§ **WORK TASK**
Only the lines from the one bearing "Italien Karte von" through the end of the listing belong in your response, restated word for word and without pictures.

§ **INPUT DATA**
□ □ □ □

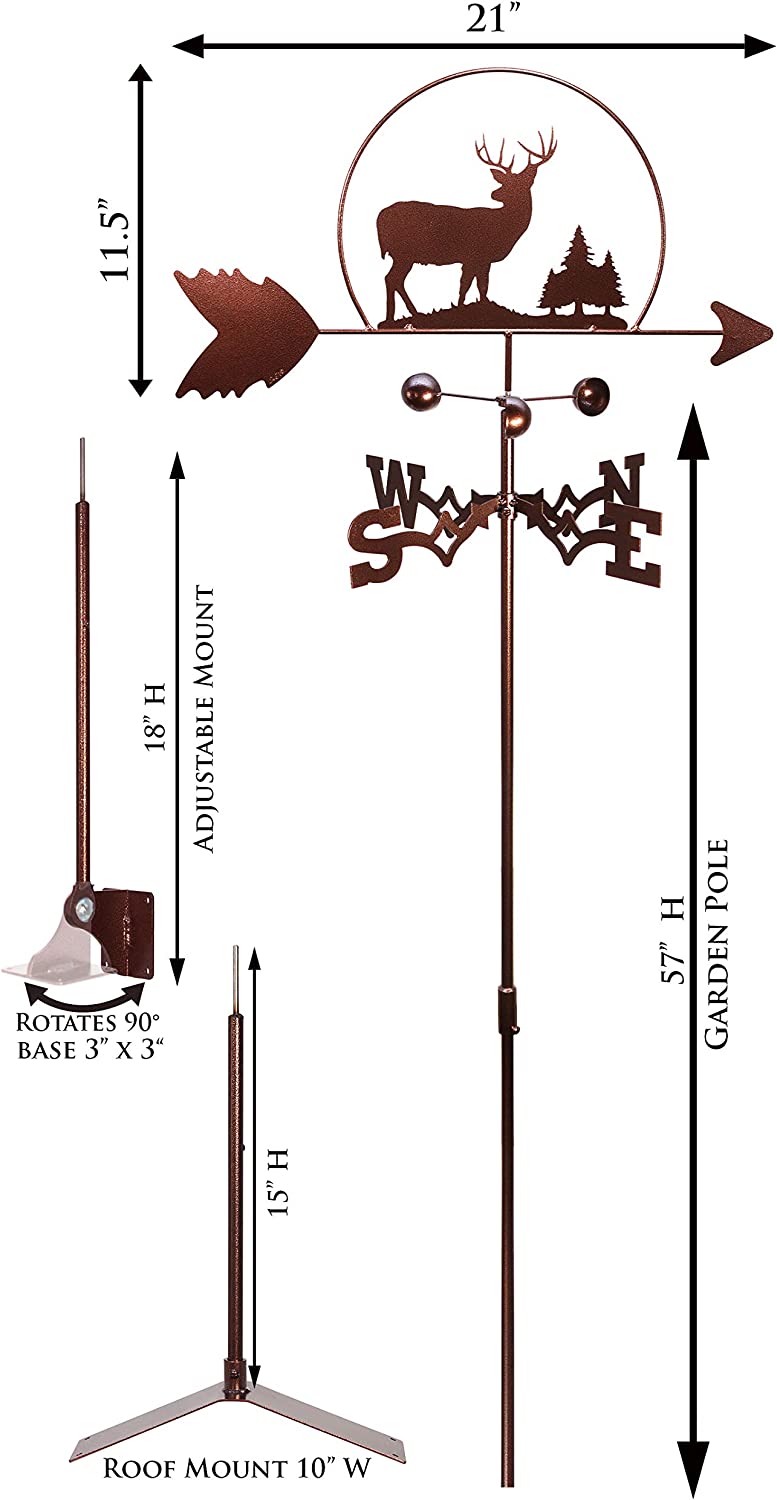 SWEN Products Inc Rustic Handmade Deer Buck Weathervane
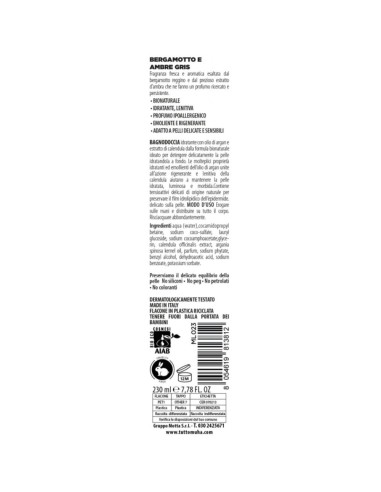 Muhà - Bagnodoccia Bio 230ml Bergamotto e Ambre Gris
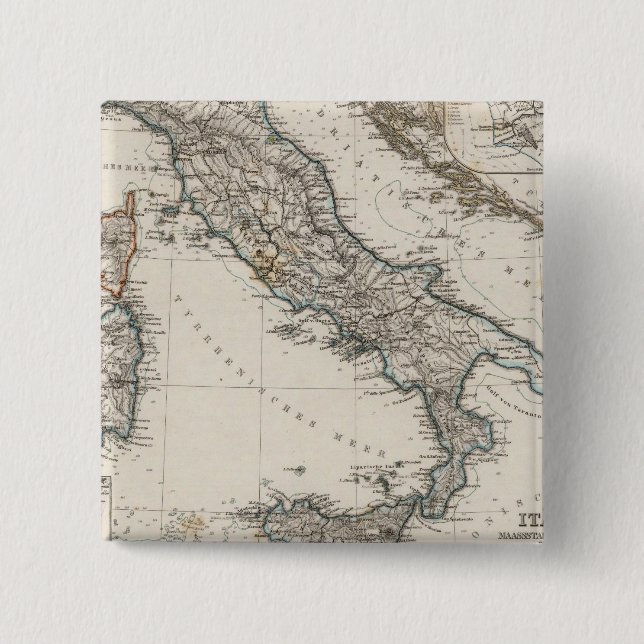 Italien Karte von Stieler Button (Vorderseite)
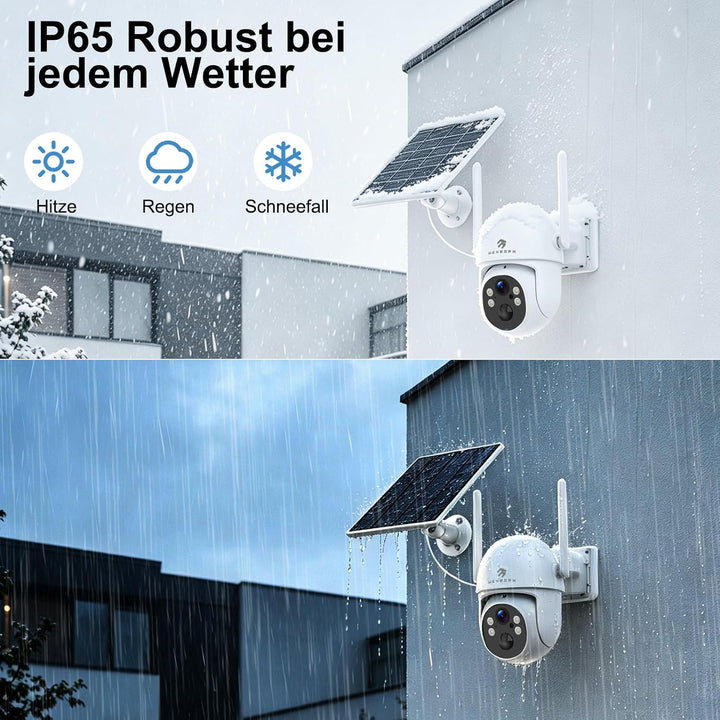 2K Kabellose Überwachungskamera Aussen Solar WLAN, Auto-Tracking, WiFi 6 | 2,4/5 GHz, PTZ 265°, PIR-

□ □ □ □

§ **RESPONSE BOX**
 Italien Karte von Stieler Button (Vorderseite)
 2K Kabellose Überwachungskamera Aussen Solar WLAN, Auto-Tracking, WiFi 6 | 2,4/5 GHz, PTZ 265°, PIR-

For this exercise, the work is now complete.